In total, the Solana network went down for a total of nearly 20 hours and developers from the Solana Foundation (the entity responsible for maintaining Solana) still don’t know why the network went down in the first place.
“The cause of this is still unknown and under active investigation,” the Solana Foundation wrote in a blog post explaining the scenario.
Surprisingly the price of Solana’s native SOL token didn’t slide too much in the wake of the outage, only dropping down 6% since the beginning of the outage. Solana is the ninth largest blockchain network in terms of total value, with US$550 million worth of Total Value Locked (TVL) at the time of writing.
Solana was once touted as an ‘Ethereum killer’ for offering faster and cheaper transactions than the larger, more established blockchain. However, a string of outages and network freezes has seen the reputation of the blockchain take a significant hit.
How many times has Solana gone down?
At the time of writing, the Solana network has suffered some form of major outage a total of ten times. According to user Money_Reach, these are the following dates that the Solana network experienced interruptions and down time.
- September 14, 2021: Down for 17 hours 12 minutes due to a DDoS attack on a decentralised exchange(DEX).
- January 6 – 8, 2022: Outage for multiple days. Presumably DDoS attack.
- January 10, 2022: Assumed to be the same DDoS attack.
- January 22, 2022: 29 hours of downtime, lots of duplicate transactions causing congestion and outages.
- March 28, 2022: RPC nodes forked off when upgrade to v1.9 happened.
- April 30, 2022: seven hour outage due to millions of NFTs being minted.
- May 27, 2022: Block times delayed up to 30 minutes.
- June 1, 2022: “A runtime bug triggered by the durable nonce transactions feature allowed, under a specific set of circumstances, for a failed durable nonce transaction to be processed twice.” Lasted about 5 hours.
- October 1, 2022: A misconfigured node resulted in lost data and needs to restart from a previous point, which apparently crashes the entire chain.
- February 28, 2023: “Solana Mainnet is experiencing a large forking event right now, validators are investigating to determine the network health, root cause and next steps. Transactions may fail right now”. Lasted for about 20 hours.
Technically the network went down once while it was still in beta on December 4, 2020. A problem with the ‘Mainnet Beta cluster’ saw the blockchain cease to produce new blocks.
In stark contrast, blockchain networks like Bitcoin (BTC) and Ethereum (ETH) have never suffered a major outage.
Solana network status: back online (for now)
While the status of the Solana network is technically up and running again, members of the crypto community blasted the cryptocurrency and its development team on Twitter.

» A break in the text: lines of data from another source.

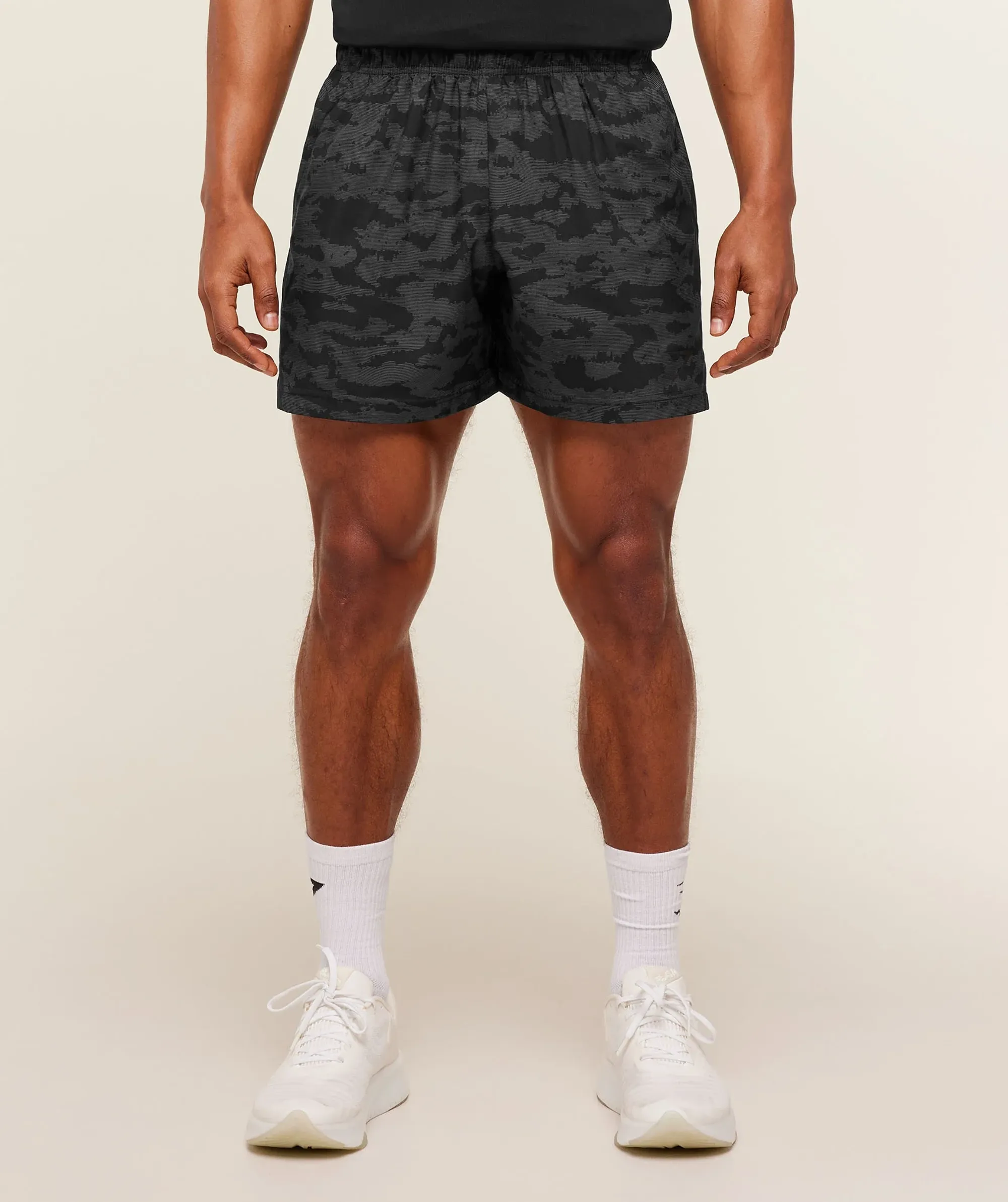 Gymshark Sport  5" Shorts - Onyx Grey/Black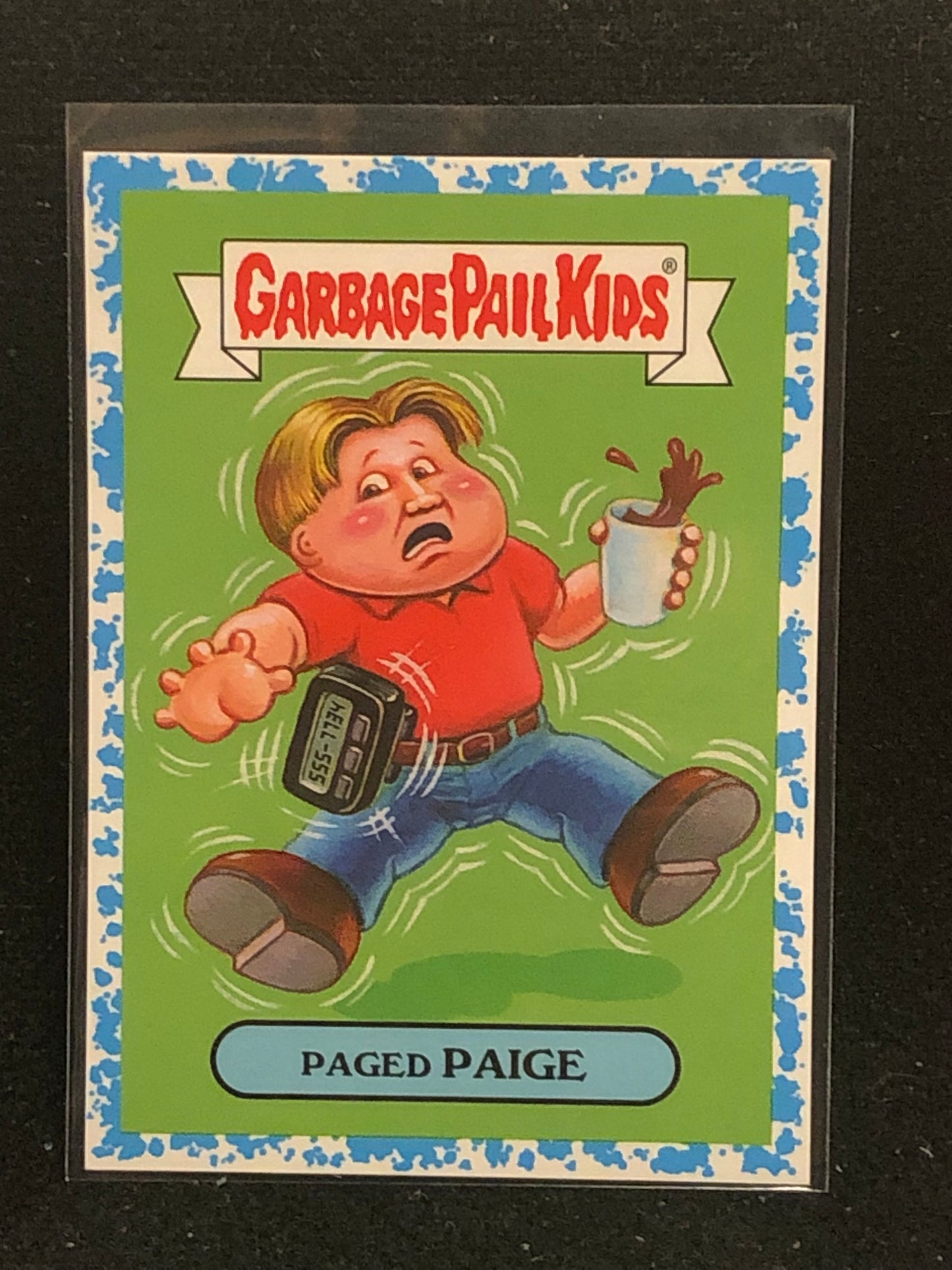 Garbage Pail Kids We Hate The 90's U-PICK Blue Parallel Singles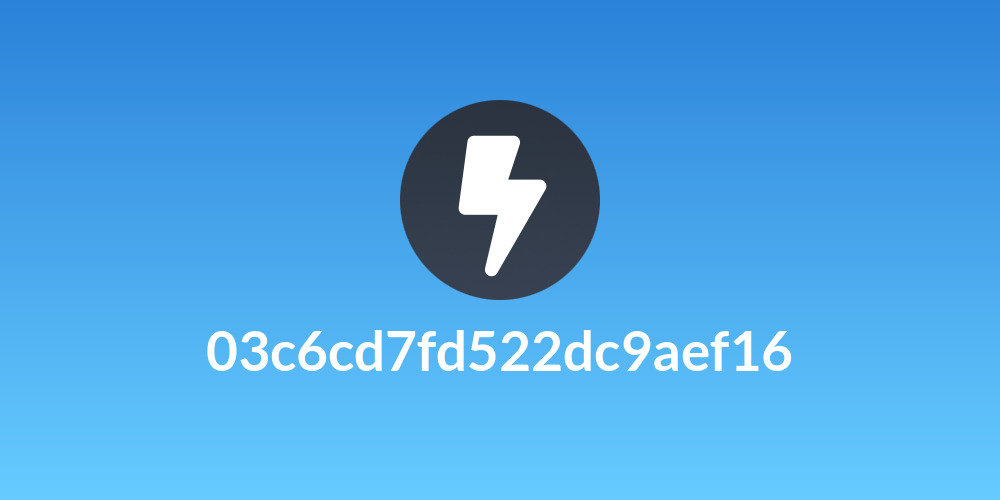 03c6cd7fd522dc9aef16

NFT artist Crypto Tea delivered a scathing criticism of the Solana freeze to her 80,000 followers, asking how this ‘PoS’ could be counted among the top ten tokens in crypto.
Still, not everyone was levelling criticism at the network. One Twitter user ‘Ilmoi‘ — a developer from NFT trading platform Tensor — claimed that while Solana’s overall approach is “more risky”, it allows for a higher pace of innovation.
Regardless of community opinions, blockchain networks simply shouldn’t be going down for unknown reasons, and the lack of insight into the issue from the Solana Foundation casts a reasonable shadow of doubt over the long-term status of the Solana network.